Self-compassion improves physical activity in individuals with multiple sclerosis

Having self-compassion – simply being kind to yourself – can help motivate individuals with multiple sclerosis (MS) and promote healthy behaviors such as physical activity.


Having self-compassion – simply being kind to yourself – can help motivate individuals with multiple sclerosis (MS) and promote healthy behaviors such as physical activity.

Doctoral student Mara Nery-Hurwit recently defended her dissertation research on this topic and is eager to continue work in this area. Mara’s dissertation was accepted, and she successfully earned her Ph.D. in Movement Studies in Disability.

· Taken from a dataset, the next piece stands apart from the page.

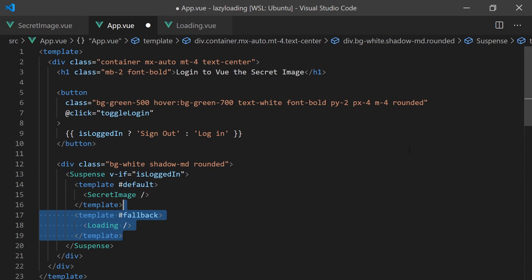The default slot is displayed when the async content has loaded, and the fallback slot is displayed when the content is loading. Now, we can easily pass any properties we need to either of the components.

Mara became interested in exploring how self-compassion could benefit individuals with MS through her work in the College of Public Health and Human Sciences’ MS Exercise Program and Individualized Movement and Physical Activity for Children Today (IMPACT) program. She plans to continue doing this kind of work and applying strategies to other populations, including parents of children with disabilities.

During her first year in the program, Mara participated in an intervention on promoting physical activity in individuals with MS. The focus group interviews found that whether or not individuals with MS understood self-compassion or not, they were talking about it. “Some would say things like ‘I learn to be more self-compassionate toward myself on days I’m feeling really bad. Others would beat themselves up because of a later onset disability where they would look back and say, ‘These are things I could do and I can’t do those things now,’” Mara says.

The focus groups also revealed that some people genuinely understood self-compassion and others did not. Mara says that self-compassion can be taught, that it’s something that changes and that people can learn to be more self-compassionate.

Mara’s research tested a model on how self-compassion improved physical activity behaviors.

“We found that self-compassion is positively linked to physical activity and predicts engagement with physical activity through improving an individual’s self-determined motivation,” Mara says.

“As we proceed with creating interventions to help individuals cultivate self-compassion and help them engage with adapted physical activity or other physical activity for other populations, self-compassion is a tool that can help improve motivation. It helps people change the narrative of how they perceive their abilities.”

Mara’s interest in self-compassion topics is not limited to her academic research. She also teaches yoga and is a wellness coach. In her yoga teaching, she infuses self-compassion into her classes. In her coaching, she has spoken to various groups about different health behaviors.

“I would like to see adapted physical education programs created that weave in components that teach people to have a kinder self-narrative,” she says. “Being mindful of their situation, having a good perspective and remembering that they’re not isolated in their experiences are all vital components. I think that when groups of individuals come together, like they do in the MS Exercise Program and IMPACT program, a social support around exercise is built, which is so important.”

Mara also holds a Master of Public Health degree in Health Promotion and Health Behavior from the CPHHS. She’s enjoyed her time in the college and takes many fond memories as she continues her career. She recently moved to Tacoma, Wash., to begin a visiting assistant professor position in the Kinesiology Department at Pacific Lutheran University.

“I had such a good experience with the faculty and the other students in the College of Public Health and Human Sciences,” Mara says. “Everyone is dedicated and committed to learning, experiencing public health and to community service, which I love. I think it’s great that we’re creating programs that serve the community. Everyone was so accessible, and faculty were always there to listen, support ideas and give advice.”